Luis Buñuel, que en El discreto encanto de la burguesía filmó el intento de un grupo de amigos por cenar, confesaba que entre los textos que admiraba definitivamente se hallaba el “Exemplo XI. De lo que contesçio a un dean de Santiago con don Yllan, el Grand Maestro de Toledo” de El conde Lucanor del infante don Juan Manuel, en el cual la nigromancia vislumbra el devenir en lo que se dispone que haya perdices para la cena y se ordena que se asen. Puede inferirse que también a Borges lo cautivaba, pues lo recreó en “El brujo postergado” de Historia universal de la infamia, aunque sostenía que se había derivado de un libro árabe: Las cuarenta mañanas y las cuarenta noches.

Alberto Manguel refiere que “a Borges le apasionaba charlar, y a la hora de comer solía elegir lo que él llamaba ‘un plato circunspecto’, arroz o pastas con manteca y queso, para que la actividad de comer no lo distrajese de la de hablar”. Sin embargo, los suspicaces no han dejado de señalar reiteradamente que una de las frases que más se repiten en el diario de Adolfo Bioy Casares consiste en “come en casa Borges”. Manguel recuerda la casa de Bioy y Silvina Ocampo como “un departamento espacioso que ofrece la visión de un parque. Desde hace décadas, Borges pasa varias tardes por semana en este departamento. La comida es horrible (verdura hervida y, de postre, dulce de leche), pero Borges no se da cuenta”.

También Edwin Williamson ha reparado en esas comidas consuetudinarias. “Cada jueves”, escribió en su biografía de Borges, “Silvina y Adolfito ofrecían una velada para sus amigos literarios, en su mayor parte escritores que habían participado en Destiempo y desde entonces habían gravitado hacia Sur. De vez en cuando les pedían a uno o dos de sus invitados que se unieran a ellos para cenar con Borges, lo que no era muy atrayente desde un punto de vista culinario, al parecer: los anfitriones no se distinguían por el esplendor de su mesa: la cena podía consistir en unas pocas tiras de carne asada acompañadas de agua (los Bioy eran abstemios) o si no algún plato improvisado por Silvina de lo que pudiera haber encontrado en el refrigerador esa noche.

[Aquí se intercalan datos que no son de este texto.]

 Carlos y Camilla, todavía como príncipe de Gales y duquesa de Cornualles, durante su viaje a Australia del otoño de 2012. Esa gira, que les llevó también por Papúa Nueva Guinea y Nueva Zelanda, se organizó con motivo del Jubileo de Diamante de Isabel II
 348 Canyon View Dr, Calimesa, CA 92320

El auténtico placer era ver a Borges bajar la guardia en esas reuniones y aparecer tal como era: amable, ingenioso, cargado de chismes maliciosos, e inventivo en los juegos que ideaba para poner a prueba la amplitud y profundidad de las lecturas de sus amigos”.

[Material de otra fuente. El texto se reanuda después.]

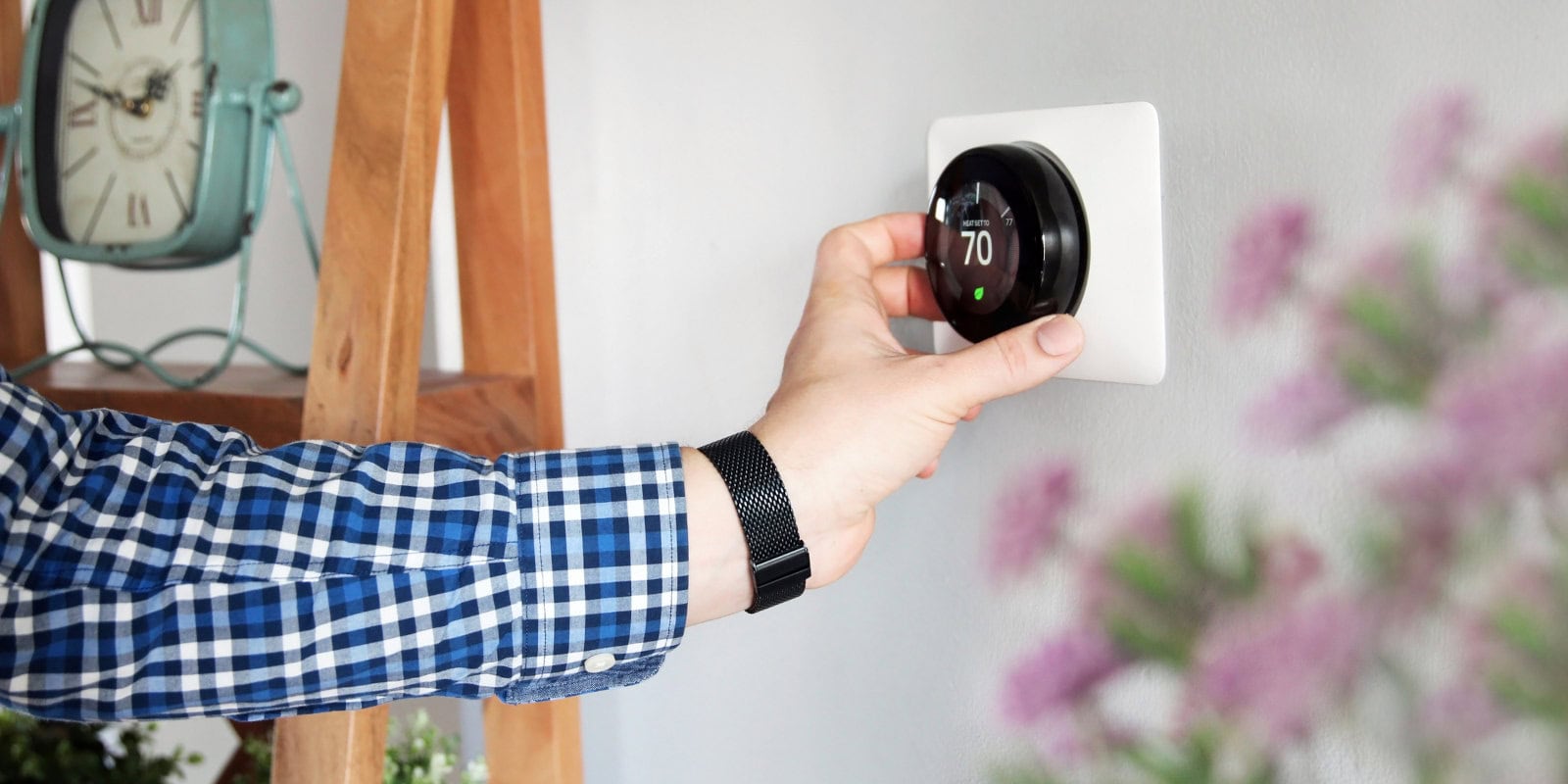 Smart thermostat wall hand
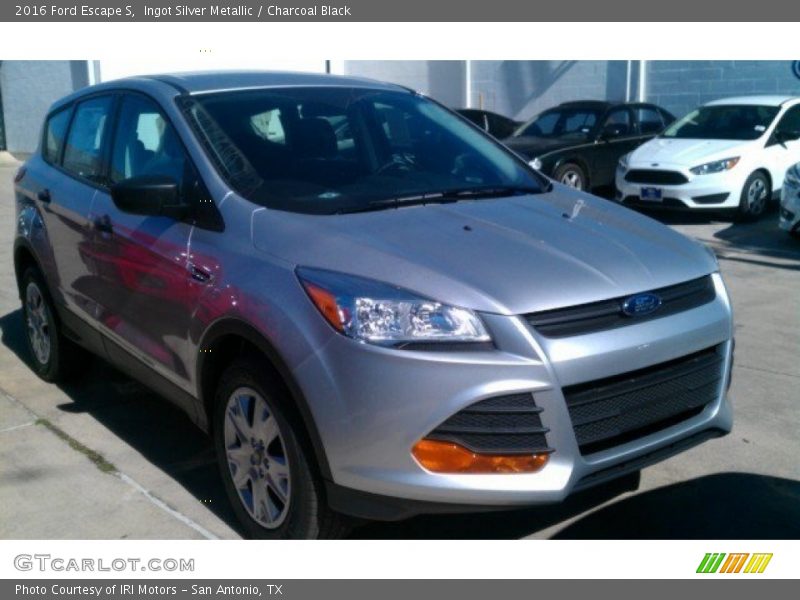 Ingot Silver Metallic / Charcoal Black 2016 Ford Escape S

Esas comidas propiciaron conversaciones, juegos y el cultivo de una amistad que derivó, entre otras cosas, en la invención de escritores como H. Bustos Domecq y B. Suárez Lynch, y de un género lúdico que parodia el ensayo, ciertas teorías, ciertos comportamientos dizque literarios, ciertas formas de pretender la posteridad. De una manera natural también incitaron la creación de antologías como una del cuento policial, una de literatura fantástica, una de Cuentos breves y extraordianrios, El libro del Cielo y del Infierno, que corroboran que la figura esencial de la literatura es el lector.

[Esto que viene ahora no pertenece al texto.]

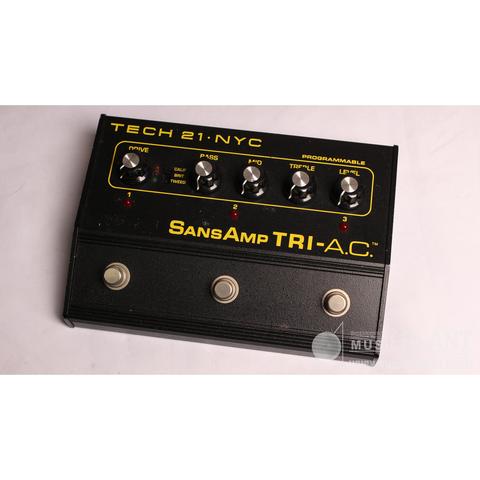 TECH21-3チャンネルギタープリアンプ
SANSAMP TRI-A.C.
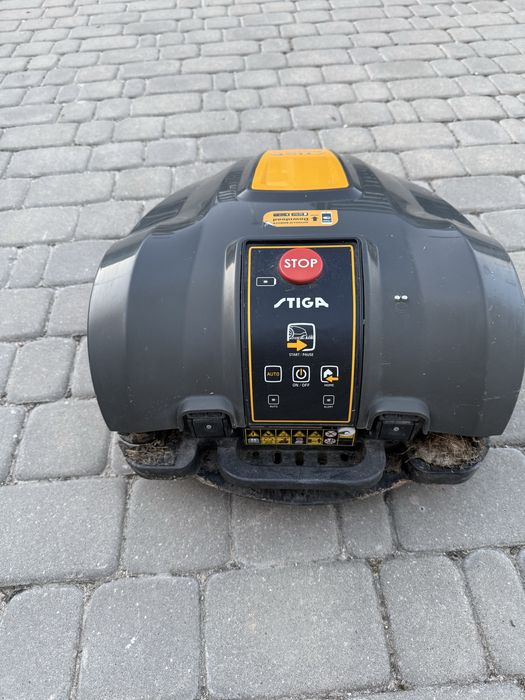 Robot koszący Stiga Autoclip M3 + oryginalny garaż Stiga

Paradójicamente Borges, que, según el diario de Bioy, aborrecía “las comilonas”, recibió una en desagravio cuando los jueces Alvaro Melián Lafinur, Roberto Giusti y Eduardo Mallea le negaron a El jardín de senderos que se bifurcan uno de los tres Premios Nacionales de Literatura que organizaba cada tres años la Comisión de Cultura por ser “una obra exótica y de decadencia” que seguía “ciertas desviadas tendencias de la literatura inglesa contemporánea”, entre “el cuento fantástico, la jactanciosa erudición y la narración recóndita”; se trataba, según ellos, de una “literatura deshumanizada, un juego cerebral oscuro y arbitrario”.